The study by Australian researchers shows that each hour of TV viewing also increases your risk of dying from cancer by nine per cent.

Overall, each hour spent in front of TV increases your risk of death by 11 per cent.

Not only watching TV, but also doing sedentary jobs - sitting at the desk or in front of a computer - is equally dangerous for your health, according to the study.

As part of their study, the Australian researchers chose 8,800 people - 3,846 men and 4,954 women above 25 years of age - with no cardiovascular problems.

They grouped them into three categories on the basis of their television-viewing habits - those who watched TV less than two hours a day, those who watched it between two and four hours, and those who watched more than four hours.

During the next six years, 284 of them died - 87 from cardiovascular disease and 125 from cancer.

The researchers found that there was modest link between cancer deaths and television viewing.
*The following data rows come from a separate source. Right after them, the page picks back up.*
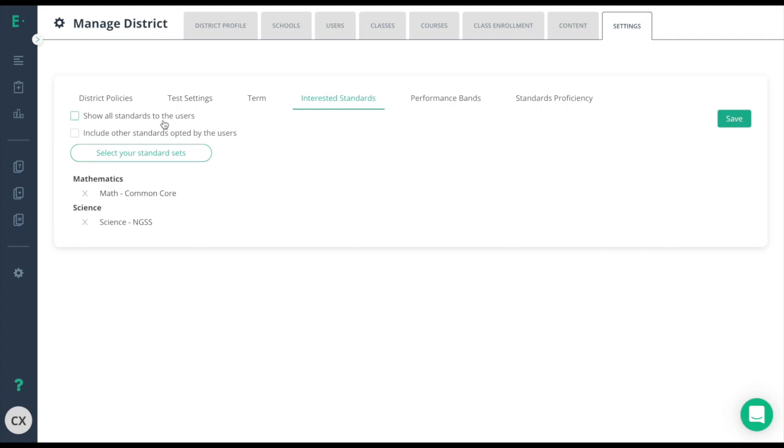Show all standards to the users will allow teachers to search by other standards like searching for common core instead of your state specific standards. Include other standards opted by the users will simply add the standards here that the teachers have chosen for their classes and assessments.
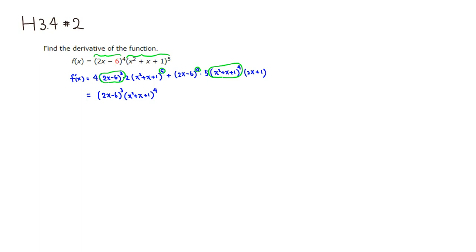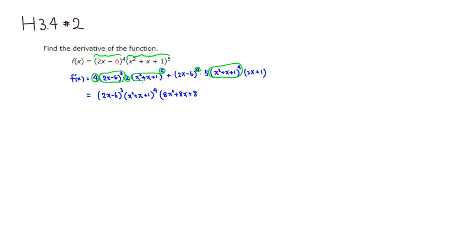Then we pull out the leftover terms. We have a 4 and a 2, so that's going to be 8. Combining those — 4 times 2 is 8 — and distributing, we get 8x squared plus 8x plus 8.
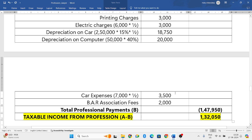That is the taxable income from profession. This is how we need to solve the problem. Hope you have understood how to solve the problem. In my further videos I will come back with some more problems related to income from profession of a lawyer.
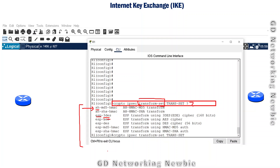This is the end of this video on IPSec and IKE — Internet Key Exchange. We could not discuss AH (Authentication Header) and ESP (Encapsulating Security Payload/Protocol) in full detail, so we will discuss those in our next video. Thank you very much for your time.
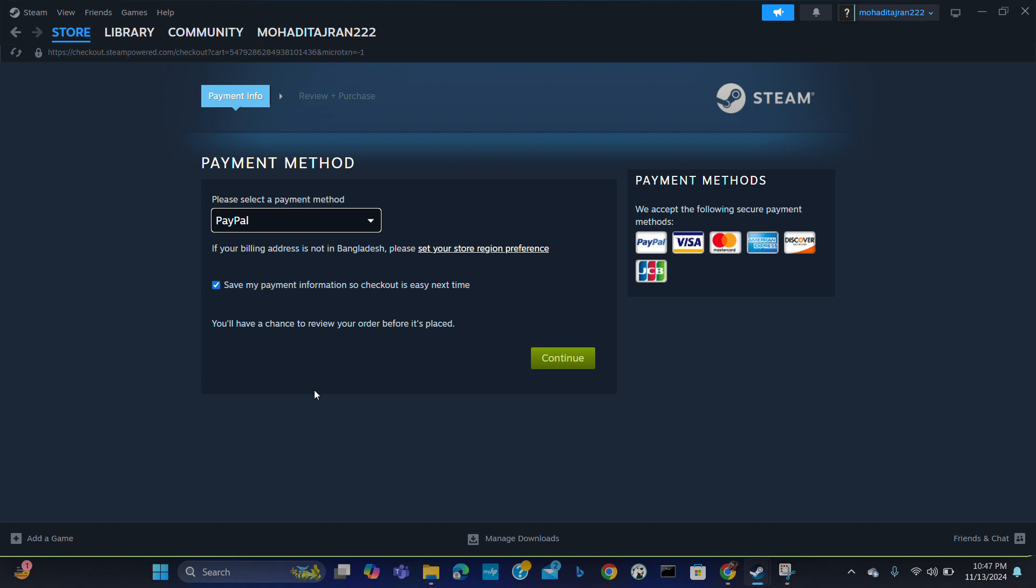So this is all for today. This is how you can unlock the limited account. I hope you find this video helpful. Thank you for watching our video.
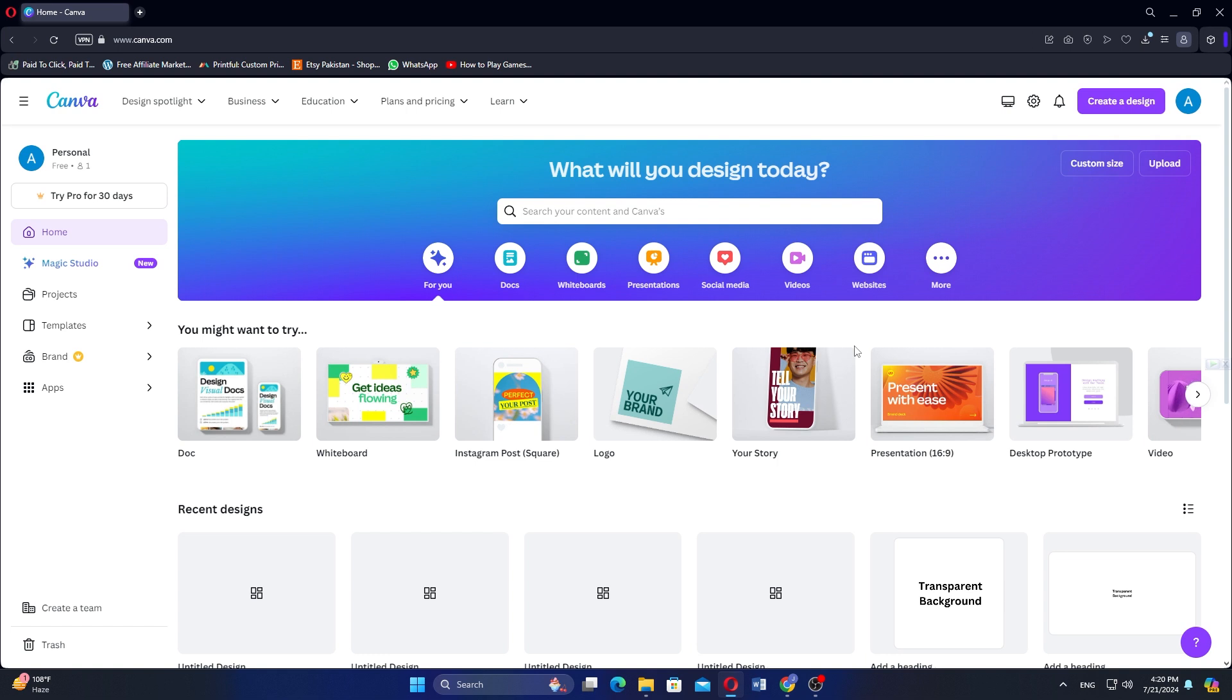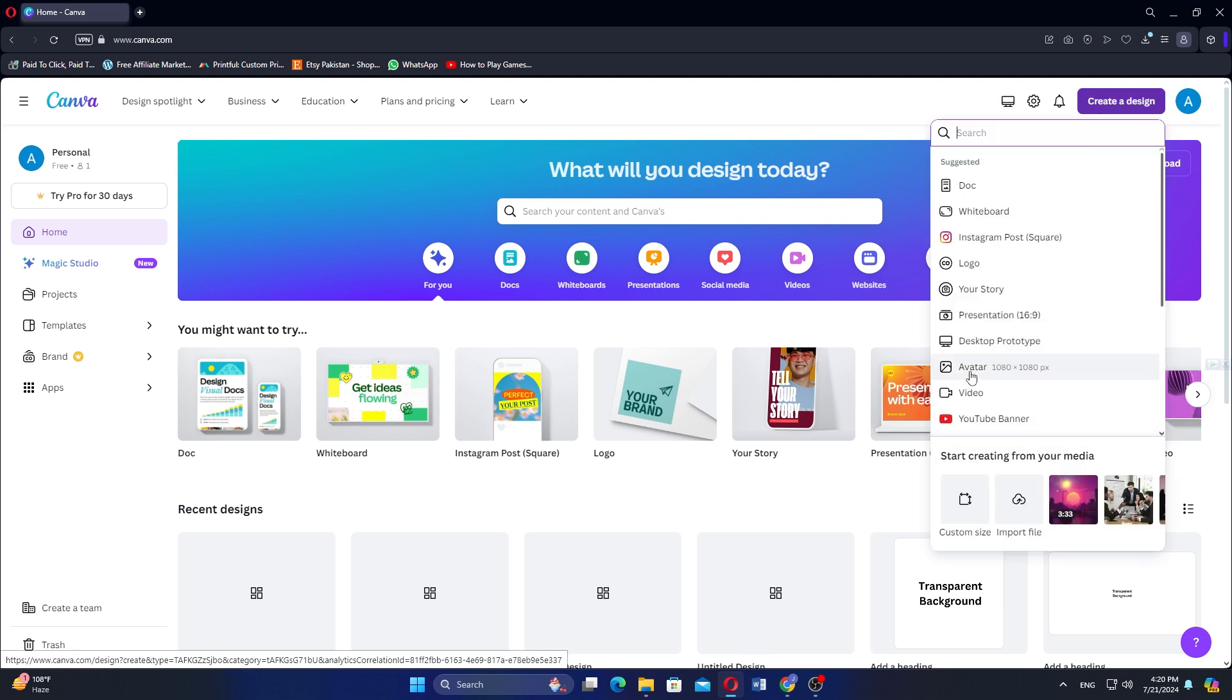Once you are logged in, click on Create a Design. This is located in the top right corner of the homepage. From the drop-down menu, select Video to start a new video project.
But the link between the time spent watching television and cardiovascular deaths was very direct and strong.

Overall, they found, there was a strong link with death from all sedentary causes, regardless of other lifestyle factors such as smoking, high blood pressure, high blood cholesterol and obesity.

According to study author David Dunstan, who heads the Physical Activity Laboratory at the Baker IDI Heart and Diabetes Institute in Victoria, (Australia), the human body is designed for activity, not for long periods of sitting.

"Technological, social, and economic changes mean that people don't move their muscles as much as they used to. Consequently, the levels of energy expenditure as people go about their lives continue to shrink,'' he said.

The study has been published in Circulation, a journal of the American Heart Association.